ContractsProf Blog

Editor: Myanna Dellinger
University of South Dakota School of Law

Monday, January 29, 2007

Revised Article 1 Feeding Frenzy

With the legislative session's opening gavel yet to fall in several states, six state legislatures are already about the business of considering recently-introduced bills to enact Revised UCC Article 1.

Indiana SB 419, Kansas SB 183, Rhode Island SB 105, South Dakota SB 85, and Utah SB 91 are all before their initial committees.  North Dakota HB 1035, by contrast, has already unanimously passed the North Dakota House and is now in the Senate. The Kansas and North Dakota bills represent second chances for Revised Article 1 in those states.  Each state's legislature had a Revised Article 1 bill before it during the prior legislative session.  In addition to these six new bills, long-suffering Massachusetts HB 3731 appears to still be alive but going nowhere.

To date, all twenty-two states that have enacted Revised Article 1 -- Alabama, Arkansas, Arizona, California, Colorado, Connecticut, Delaware, Hawaii, Idaho, Kentucky, Louisiana, Minnesota, Montana, Nebraska, Nevada, New Hampshire, New Mexico, North Carolina, Oklahoma, Texas, Virginia, and West Virginia -- have rejected uniform R1-301 in favor of language similar to pre-Revised 1-105.  Six enacting states -- Alabama, Arizona, Hawaii, Idaho, Nebraska, and Virginia -- have rejected uniform R1-201(b)(20) in favor or retaining a bifurcated good faith standard that requires only "honesty in fact" from non-Article 2 or 2A merchants.

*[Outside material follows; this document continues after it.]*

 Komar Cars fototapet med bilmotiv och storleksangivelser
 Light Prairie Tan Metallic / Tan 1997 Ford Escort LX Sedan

Of the seven pending bills, Indiana SB 419, Kansas SB 183, South Dakota SB 85, and Utah SB 91 include uniform R1-301, while Massachusetts HB 3731, North Dakota HB 1035, and Rhode Island SB 105 eschew it in favor of pre-Revised 1-105.  Kansas SB 183, Massachusetts HB 3731, North Dakota HB 1035, South Dakota SB 85, and Utah SB 91 include uniform R1-201(b)(20).  Rhode Island SB 105 retains the bifurcated good faith standard.  Indiana SB 419 eliminates the bifurcated good faith standard in a more unique way: it retains the pre-Revised 1-201(19) “honesty in fact in the conduct or transaction concerned” definition and deletes the “honesty in fact and the observance of reasonable commercial standards of fair dealing” standard for merchants from current Article 2.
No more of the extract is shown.